Schadstoffe in Hundefutter und Tierspielzeug: so schützen Sie sich und Ihre Tiere

Juni 28, 2013 von  
Kategorisiert unter Allgemeines, Hundefutter News

Im April 2013 versetzte eine Nachricht Katzen- und Hundehalter in Unruhe:  ein Zusatzstoff für Katzen- und Hundefutter wies erhöhte Dioxin-Werte auf. Das belastete Futtermittel wurde in Belgien von Kontrolleuren entdeckt. Der in die Kritik geratene Hersteller belieferte auch zwei Futtermittel-Hersteller in Nordrein-Westfalen. Der belastete Zusatzstoff stammte von einem chinesischen Zulieferer und facht die Diskussion um Schadstoffe in Futtermittel, sowie Spielzeugen für Haustiere neu an.
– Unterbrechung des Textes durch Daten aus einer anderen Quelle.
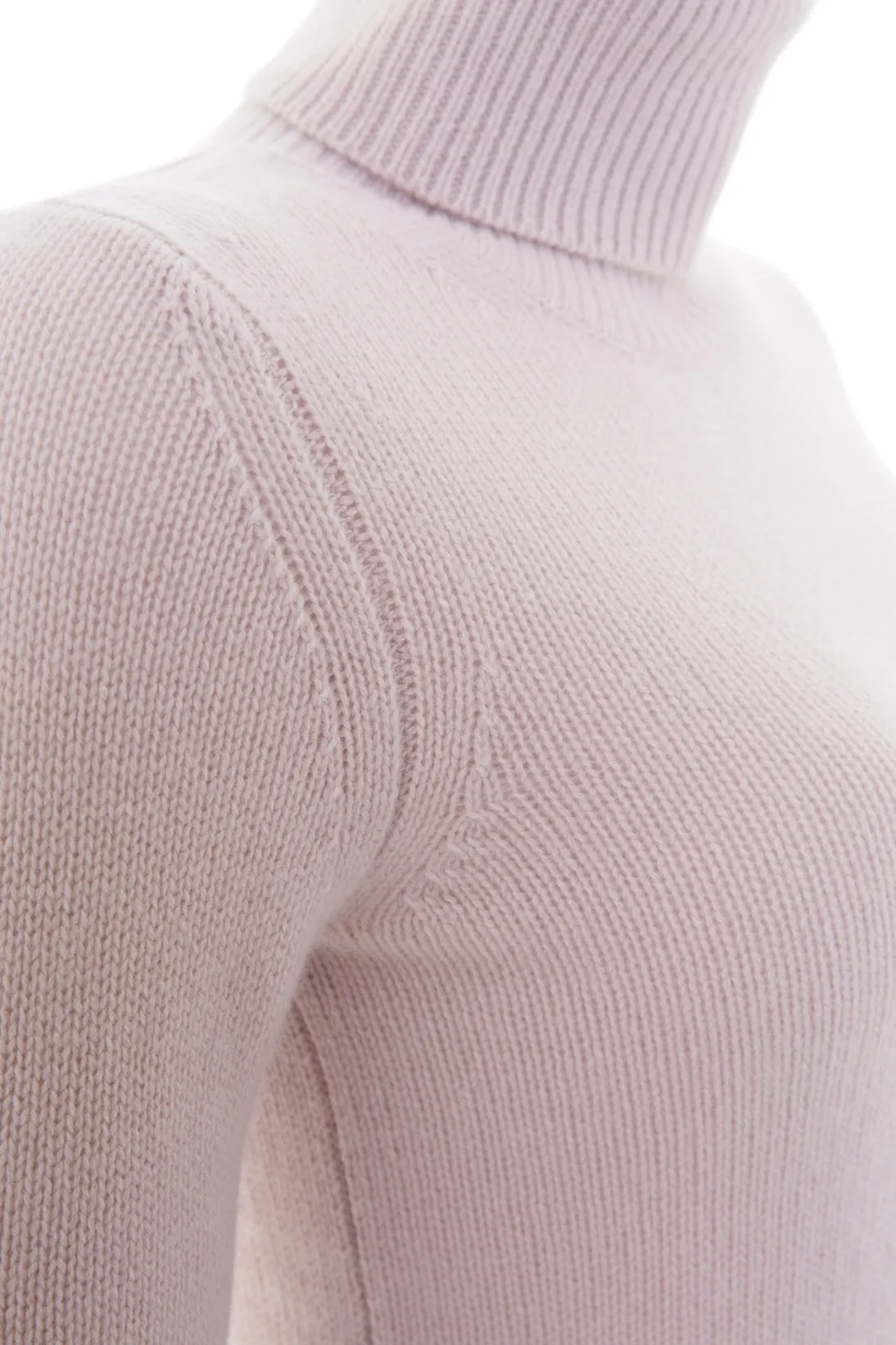 CASHMERE RIBBED FOLDOVER TURTLENECK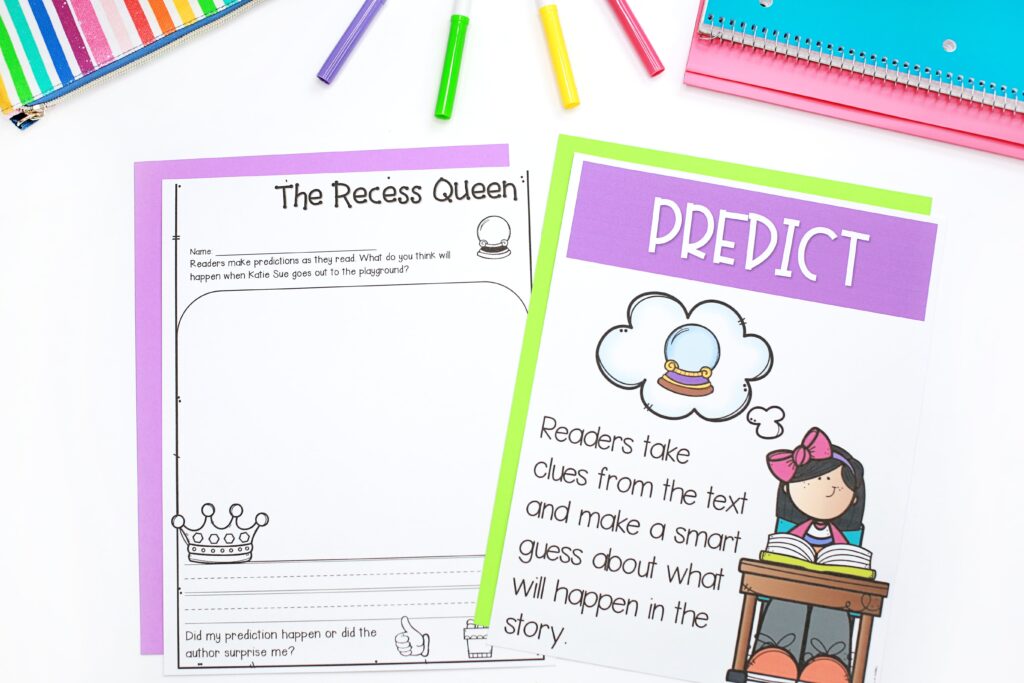 Prediction printables for The Recess Queen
Dioxin in Hunde- und Katzenfutter

Haustierhalter wollen ihren Tieren in der Regel nur das Beste bieten. Das gilt vor allem für das Futter. Kein Wunder, dass das in Futtermittel nachgewiesenes Dioxin, das belgische Kontrolleure bei einem Hersteller im April 2013 festgestellt haben, schnell für Bedenken bei den Verbrauchern sorgte. Es handelte sich bei dem belasteten Stoff um Tocopherol, das als Antioxidationsmittel oder Konservierungsstoff, in Futtermittel eingesetzt wird. Die Rohware, mit der auch deutsche Betriebe beliefert wurden, stammt, laut dem Hersteller, von einem Zulieferer aus China. Zwar soll, aufgrund der eher geringen Menge und da die Höchstmenge im Tierfutter nicht überschritten wurde, die Gesundheit der Tiere nicht gefährdet sein, jedoch hinterlässt die Feststellung von Dioxin aus China im Tierfutter doch einen schlechten Nachgeschmack.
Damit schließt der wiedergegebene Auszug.